GIVEN RECORDS
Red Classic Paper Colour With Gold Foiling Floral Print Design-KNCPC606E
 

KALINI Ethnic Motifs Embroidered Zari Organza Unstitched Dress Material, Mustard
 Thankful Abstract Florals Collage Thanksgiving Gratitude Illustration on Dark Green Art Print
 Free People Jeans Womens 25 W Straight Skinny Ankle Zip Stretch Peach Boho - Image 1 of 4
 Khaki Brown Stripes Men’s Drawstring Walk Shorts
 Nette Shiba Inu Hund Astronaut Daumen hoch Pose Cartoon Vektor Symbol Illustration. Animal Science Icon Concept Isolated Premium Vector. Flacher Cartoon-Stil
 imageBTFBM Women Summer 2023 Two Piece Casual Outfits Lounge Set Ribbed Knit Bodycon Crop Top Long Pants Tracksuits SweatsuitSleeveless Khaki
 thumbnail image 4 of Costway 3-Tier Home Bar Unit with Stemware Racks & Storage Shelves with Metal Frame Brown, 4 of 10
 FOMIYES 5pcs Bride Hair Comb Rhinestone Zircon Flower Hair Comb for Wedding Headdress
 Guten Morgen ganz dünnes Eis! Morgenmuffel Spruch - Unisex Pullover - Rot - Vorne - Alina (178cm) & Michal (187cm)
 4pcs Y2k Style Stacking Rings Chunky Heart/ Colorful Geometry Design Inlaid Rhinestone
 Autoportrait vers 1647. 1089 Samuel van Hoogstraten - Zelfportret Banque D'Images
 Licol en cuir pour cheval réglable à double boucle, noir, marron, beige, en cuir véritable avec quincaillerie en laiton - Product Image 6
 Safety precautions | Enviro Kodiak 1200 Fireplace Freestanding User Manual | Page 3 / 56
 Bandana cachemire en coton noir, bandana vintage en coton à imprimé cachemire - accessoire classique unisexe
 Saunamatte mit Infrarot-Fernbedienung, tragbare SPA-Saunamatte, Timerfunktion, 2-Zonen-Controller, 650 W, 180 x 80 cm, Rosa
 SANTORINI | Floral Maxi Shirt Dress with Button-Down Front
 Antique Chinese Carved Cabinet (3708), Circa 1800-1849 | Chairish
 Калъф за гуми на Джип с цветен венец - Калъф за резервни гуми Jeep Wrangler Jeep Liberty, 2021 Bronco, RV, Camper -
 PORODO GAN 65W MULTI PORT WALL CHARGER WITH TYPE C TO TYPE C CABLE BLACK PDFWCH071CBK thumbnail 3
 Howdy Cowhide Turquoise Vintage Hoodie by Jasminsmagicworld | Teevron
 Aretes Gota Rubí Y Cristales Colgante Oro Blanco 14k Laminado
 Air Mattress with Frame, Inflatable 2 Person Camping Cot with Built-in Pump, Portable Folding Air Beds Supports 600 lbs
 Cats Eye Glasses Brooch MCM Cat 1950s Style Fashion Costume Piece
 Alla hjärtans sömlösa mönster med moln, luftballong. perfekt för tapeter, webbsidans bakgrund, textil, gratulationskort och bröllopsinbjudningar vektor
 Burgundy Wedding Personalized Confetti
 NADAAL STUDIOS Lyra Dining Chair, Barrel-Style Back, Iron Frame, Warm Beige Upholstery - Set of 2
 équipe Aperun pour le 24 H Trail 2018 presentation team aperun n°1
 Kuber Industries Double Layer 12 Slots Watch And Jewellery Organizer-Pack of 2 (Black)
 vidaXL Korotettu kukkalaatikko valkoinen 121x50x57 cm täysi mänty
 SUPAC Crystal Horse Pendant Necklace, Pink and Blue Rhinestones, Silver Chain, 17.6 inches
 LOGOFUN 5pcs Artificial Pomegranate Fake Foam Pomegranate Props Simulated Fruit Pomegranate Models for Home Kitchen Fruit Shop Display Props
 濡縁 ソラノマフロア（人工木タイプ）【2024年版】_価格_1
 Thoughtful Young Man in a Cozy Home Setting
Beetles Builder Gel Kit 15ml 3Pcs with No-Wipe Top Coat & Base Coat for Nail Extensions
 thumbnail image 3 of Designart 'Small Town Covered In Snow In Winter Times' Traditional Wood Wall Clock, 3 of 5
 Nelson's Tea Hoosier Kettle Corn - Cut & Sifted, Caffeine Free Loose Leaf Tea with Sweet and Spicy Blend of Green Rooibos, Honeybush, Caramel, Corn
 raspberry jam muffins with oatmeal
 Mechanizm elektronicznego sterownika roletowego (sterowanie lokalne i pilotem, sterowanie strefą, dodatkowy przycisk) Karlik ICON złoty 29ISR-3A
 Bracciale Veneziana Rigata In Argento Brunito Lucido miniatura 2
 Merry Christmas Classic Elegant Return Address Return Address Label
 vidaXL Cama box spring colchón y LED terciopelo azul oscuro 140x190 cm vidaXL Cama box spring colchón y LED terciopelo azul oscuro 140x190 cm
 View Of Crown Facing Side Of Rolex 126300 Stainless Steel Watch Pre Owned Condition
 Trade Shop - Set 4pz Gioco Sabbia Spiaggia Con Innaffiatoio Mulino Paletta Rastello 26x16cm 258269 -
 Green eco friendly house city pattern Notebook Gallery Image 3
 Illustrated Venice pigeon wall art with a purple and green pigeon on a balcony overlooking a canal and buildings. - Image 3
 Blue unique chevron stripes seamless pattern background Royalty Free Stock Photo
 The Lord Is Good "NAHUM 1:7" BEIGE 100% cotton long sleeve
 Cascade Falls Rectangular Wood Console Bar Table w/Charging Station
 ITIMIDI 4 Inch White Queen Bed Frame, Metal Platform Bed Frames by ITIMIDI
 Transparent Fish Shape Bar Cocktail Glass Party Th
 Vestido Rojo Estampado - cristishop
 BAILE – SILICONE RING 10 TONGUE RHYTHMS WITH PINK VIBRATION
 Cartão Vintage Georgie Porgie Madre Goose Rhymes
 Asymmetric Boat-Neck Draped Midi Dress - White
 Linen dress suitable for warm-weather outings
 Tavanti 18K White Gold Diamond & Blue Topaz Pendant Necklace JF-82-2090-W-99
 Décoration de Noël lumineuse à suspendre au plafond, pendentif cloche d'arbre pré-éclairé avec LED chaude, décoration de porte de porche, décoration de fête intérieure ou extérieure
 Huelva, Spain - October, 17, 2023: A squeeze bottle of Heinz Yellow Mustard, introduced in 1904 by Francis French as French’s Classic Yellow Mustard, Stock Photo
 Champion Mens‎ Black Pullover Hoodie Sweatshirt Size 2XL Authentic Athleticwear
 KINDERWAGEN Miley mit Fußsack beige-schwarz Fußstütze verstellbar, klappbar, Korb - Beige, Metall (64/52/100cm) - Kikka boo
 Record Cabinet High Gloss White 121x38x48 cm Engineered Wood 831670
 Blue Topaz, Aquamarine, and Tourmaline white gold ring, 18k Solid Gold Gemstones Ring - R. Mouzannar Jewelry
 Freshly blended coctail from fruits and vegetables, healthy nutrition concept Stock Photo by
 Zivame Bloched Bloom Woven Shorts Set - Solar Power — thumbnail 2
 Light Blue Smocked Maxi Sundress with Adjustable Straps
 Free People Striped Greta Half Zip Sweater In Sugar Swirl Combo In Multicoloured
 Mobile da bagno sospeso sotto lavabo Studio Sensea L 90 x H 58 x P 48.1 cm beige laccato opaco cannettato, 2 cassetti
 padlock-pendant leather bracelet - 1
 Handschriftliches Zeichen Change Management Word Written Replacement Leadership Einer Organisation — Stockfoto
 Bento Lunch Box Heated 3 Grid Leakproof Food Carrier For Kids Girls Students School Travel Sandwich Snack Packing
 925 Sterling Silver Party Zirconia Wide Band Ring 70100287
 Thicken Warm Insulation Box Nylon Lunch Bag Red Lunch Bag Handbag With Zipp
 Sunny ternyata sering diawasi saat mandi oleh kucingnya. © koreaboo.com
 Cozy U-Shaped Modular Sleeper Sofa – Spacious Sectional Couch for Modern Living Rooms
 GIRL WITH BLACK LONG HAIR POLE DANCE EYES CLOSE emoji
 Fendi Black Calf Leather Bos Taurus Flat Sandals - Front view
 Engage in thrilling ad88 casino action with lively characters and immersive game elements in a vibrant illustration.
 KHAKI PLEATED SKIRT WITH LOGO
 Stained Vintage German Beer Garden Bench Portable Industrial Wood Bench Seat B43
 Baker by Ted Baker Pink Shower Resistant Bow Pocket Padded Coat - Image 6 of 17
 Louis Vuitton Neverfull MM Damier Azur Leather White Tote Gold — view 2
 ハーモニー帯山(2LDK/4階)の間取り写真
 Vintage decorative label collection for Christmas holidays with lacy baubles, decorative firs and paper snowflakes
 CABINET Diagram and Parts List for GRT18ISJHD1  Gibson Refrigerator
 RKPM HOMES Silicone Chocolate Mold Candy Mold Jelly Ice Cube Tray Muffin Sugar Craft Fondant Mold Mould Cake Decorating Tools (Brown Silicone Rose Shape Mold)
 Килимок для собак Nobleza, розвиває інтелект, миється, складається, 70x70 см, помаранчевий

WHAT YOU HAVE TO DO
Only lines holding the word "thumbnail" belong in the answer; copy each one from the material.

TASK OUTPUT
 thumbnail image 4 of Costway 3-Tier Home Bar Unit with Stemware Racks & Storage Shelves with Metal Frame Brown, 4 of 10
 PORODO GAN 65W MULTI PORT WALL CHARGER WITH TYPE C TO TYPE C CABLE BLACK PDFWCH071CBK thumbnail 3
 thumbnail image 3 of Designart 'Small Town Covered In Snow In Winter Times' Traditional Wood Wall Clock, 3 of 5
 Zivame Bloched Bloom Woven Shorts Set - Solar Power — thumbnail 2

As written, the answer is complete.